In situation ethics, power can be given to those who are not necessarily "for" our ultimate best interests. Dr. Jack Kevorkian in thought and action is a microcosm of such a world view.
On the other hand, "dignity," as Ms. Navarro describes it, is based on the ultimate and absolute fact that we are all made in the image and likeness of God.
If we really understood and applied that monumental truth in every aspect of our lives, the innocent sick, elderly and victim would not be so readily conditioned to accept determination of their death by another human, doctor or not.
Nor would others allow it to happen so easily.
Reporting on Muslims
It never ceases to amaze me that bias and bigotry can continue to be flaunted by media and the mind managers of the gullible masses; particularly during this time when leaders purport to be working for racial, religious and ethnic harmony among the citizenry, nationally as well as abroad; a time when politicians are campaigning on platforms of ethnic harmony among the races.
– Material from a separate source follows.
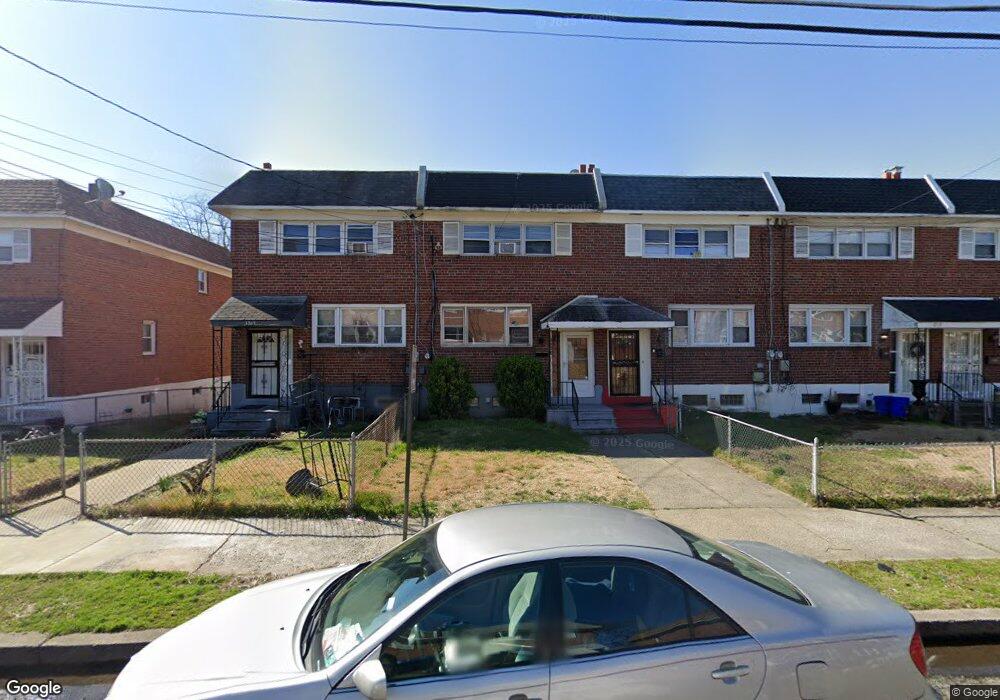 1263 Lakeshore Dr, Camden, NJ 08104 - photo 1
The rift between Muslims and non-Muslims continues to be inured by many politicians and the press. This continues at the expense of community, national and world peace.
Whenever an incident of minor or major proportions occurs at the hand of one who claims to be Muslim, this person's religious preference is reported.
Whether that person decides the moment of the incident that he or she were Muslim and understands nothing of the theology of Al-Islam, the press reports, "Muslim" commits such and such.
The press does this only when it discovers that this person purports to be a Muslim. If the person is a Christian, the press does not say "Christian" committed such and such a crime or atrocity.
If the press did so report, every morning that we pick up the newspaper, we would see a headline reporting heinous acts committed by Christians and others far more often than you would see the headline about a Muslim.
Of the millions of crimes committed in America annually, the overwhelming proportion of these crimes are committed by non-Muslims.
Every day we are reading about the savage and barbaric acts being carried out in Bosnia and Herzegovina against Muslims. We have yet to hear the press report on the religious beliefs of the Europeans carrying out these atrocities.
Were the Muslims carrying out an "ethnic cleansing" genocide program against their European counterparts in Bosnia and Herzegovina, the world would be made to believe that this is the worst thing ever done against a group of human beings. Why doesn't the . . . press speak more loudly about these atrocities?
It is the identical scenario that took place in Germany during the Jewish Holocaust that was only prolonged because those that could and should have spoken out and stood up against this human catastrophe did not.
The American and European press, it appears to me, will not let the crusades of the Middle Ages end. It appears that they are dreaming of some protracted victory against the Muslims for the honor of Europe.
9- I suppose this is even a greater tragedy.
Ronald R. Shakir
The writer is resident imam of Masjid Walter Oman in Baltimore.